__WORK REQUIRED__.
Whatever pictures appear, omit them, and repeat the data below exactly.

__GIVEN ENTRIES__.
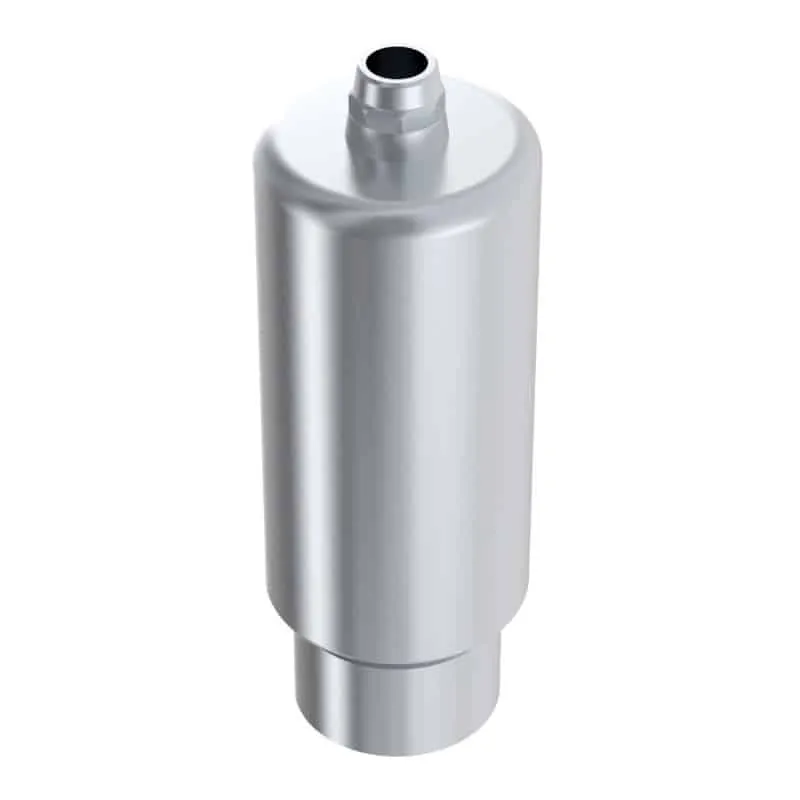 Arum3D Internal Premill Blank 10mm ébauchoir EBI Octa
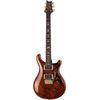 PRS Custom 24 10 Top OI
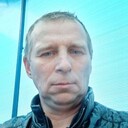  ,   Ivan, 45 ,   ,   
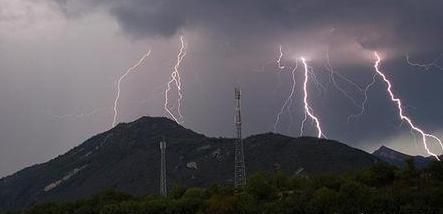 正月打雷是什么征兆，正月打雷下雪是什么征兆？打冬雷必有大事发生有科学依据吗？图3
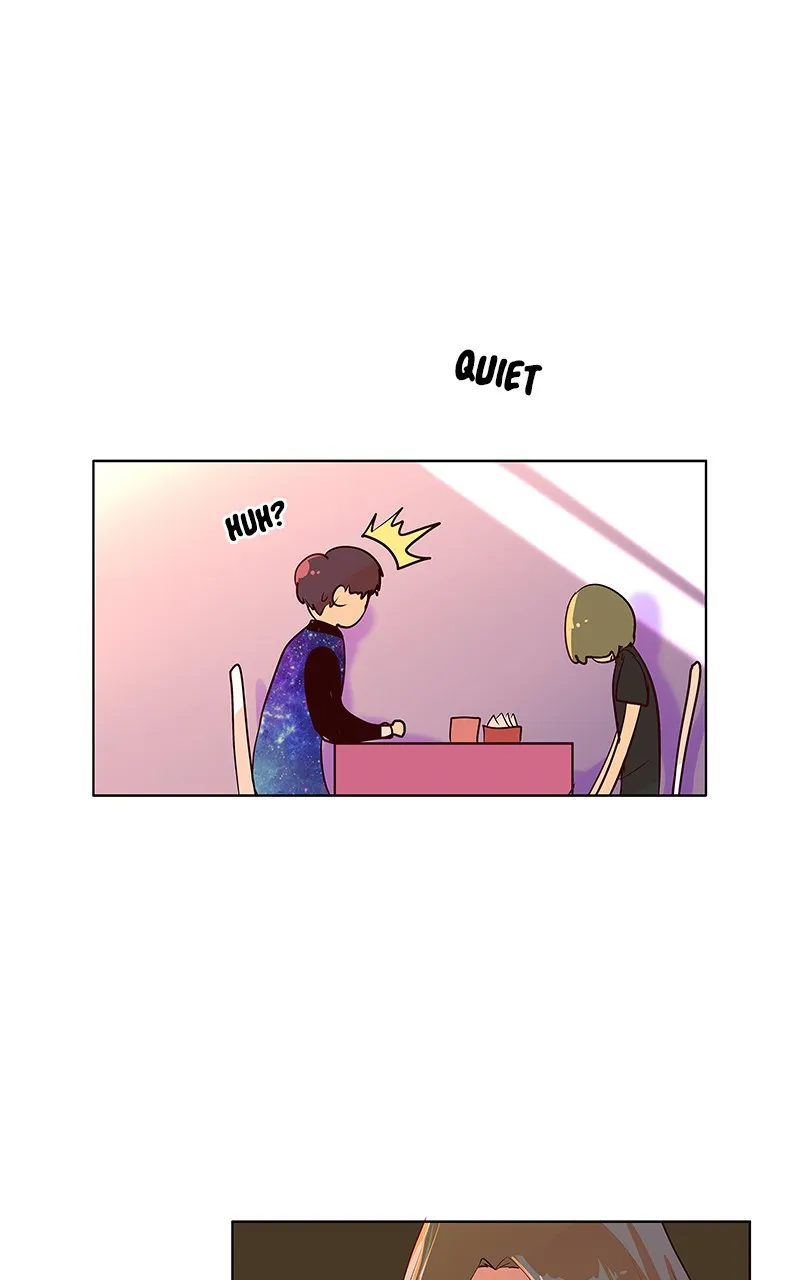 Flawless Chapter 65 page 4 - 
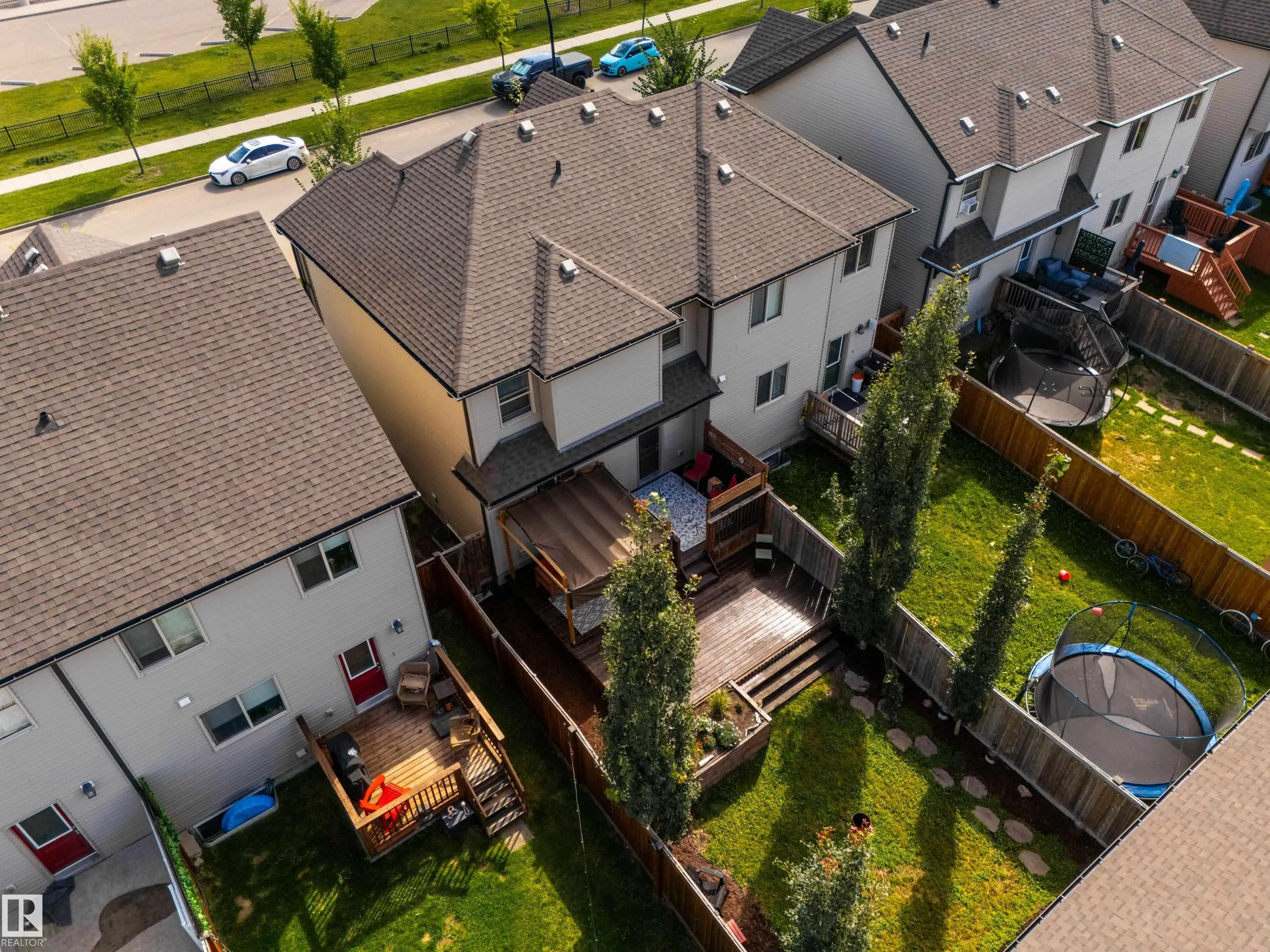 311 PIONEER Road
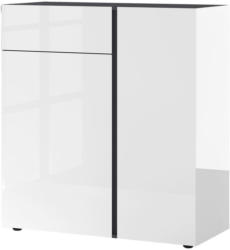 Kommode 94/104/42 cm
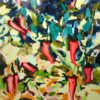 Karin Strohm "Tšillipõld" - Image 2
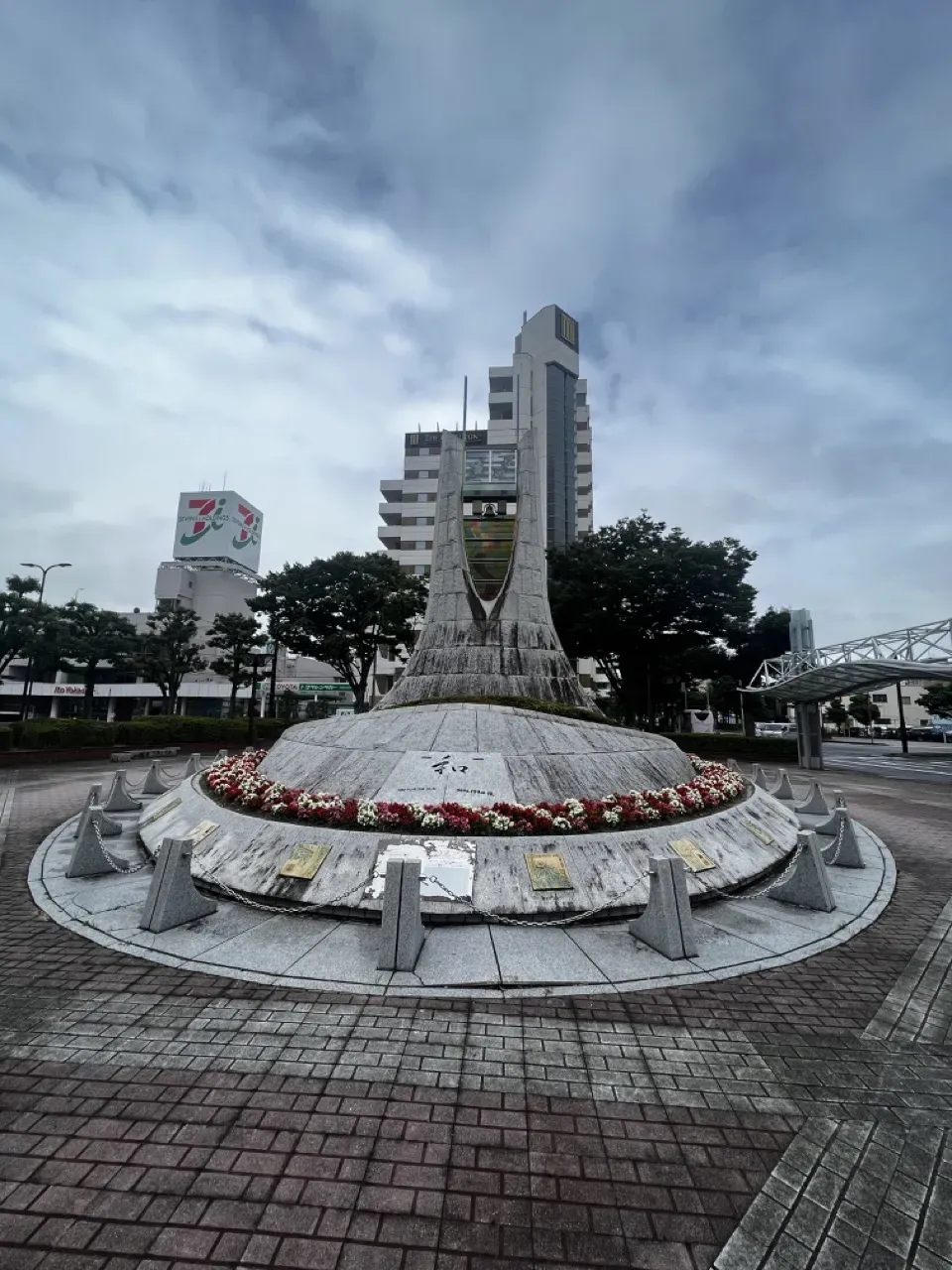 福島 ライド1日目(福島駅→磐梯吾妻スカイラインHC→猪苗代湖→会津若松) - 画像8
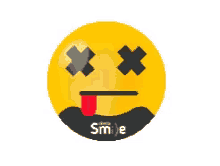 Emoji 3d GIF - Emoji 3d Crítico GIFs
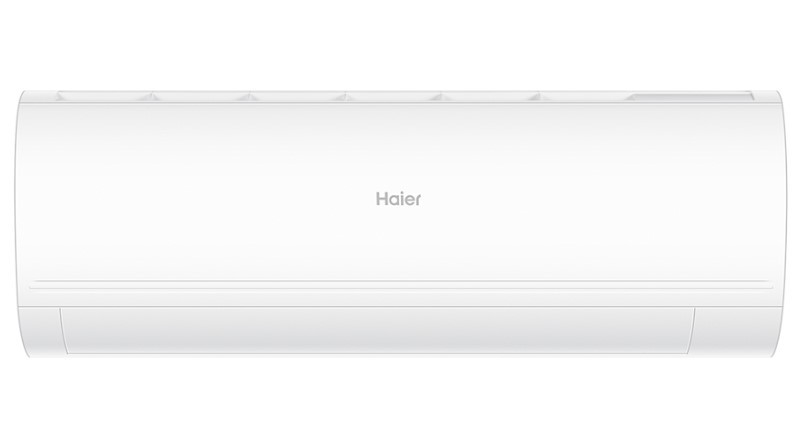 Настенный кондиционер Haier Coral Expert AS25PHP2HRA/1U25PHP1FRA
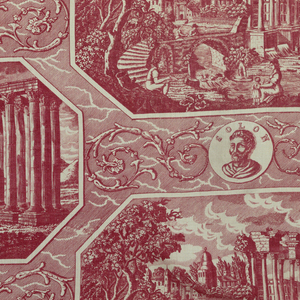 Textile, 1820–30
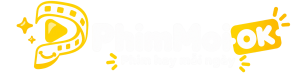 PhimHayOK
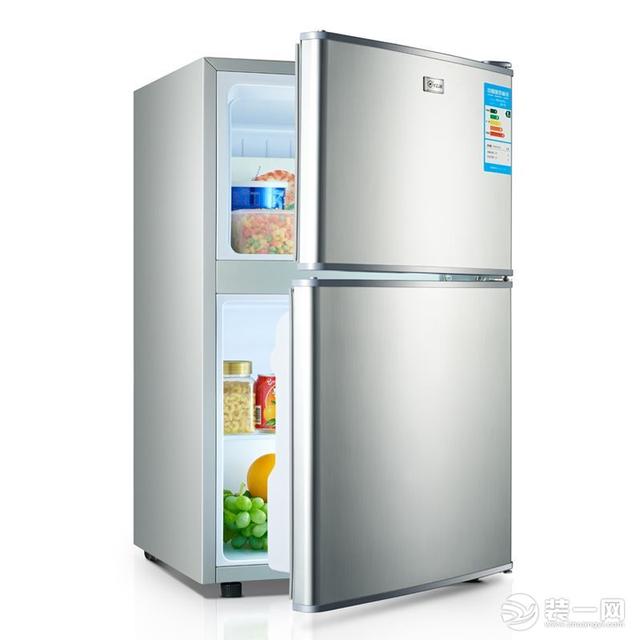 一般家用冰箱多少升的合适,买冰箱什么牌子最好(2)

__EXERCISE OUTPUT__.
 Arum3D Internal Premill Blank 10mm ébauchoir EBI Octa
 PRS Custom 24 10 Top OI
  ,   Ivan, 45 ,   ,   
 正月打雷是什么征兆，正月打雷下雪是什么征兆？打冬雷必有大事发生有科学依据吗？图3
 Flawless Chapter 65 page 4 - 
 311 PIONEER Road
 Kommode 94/104/42 cm
 Karin Strohm "Tšillipõld" - Image 2
 福島 ライド1日目(福島駅→磐梯吾妻スカイラインHC→猪苗代湖→会津若松) - 画像8
 Emoji 3d GIF - Emoji 3d Crítico GIFs
 Настенный кондиционер Haier Coral Expert AS25PHP2HRA/1U25PHP1FRA
 Textile, 1820–30
 PhimHayOK
 一般家用冰箱多少升的合适,买冰箱什么牌子最好(2)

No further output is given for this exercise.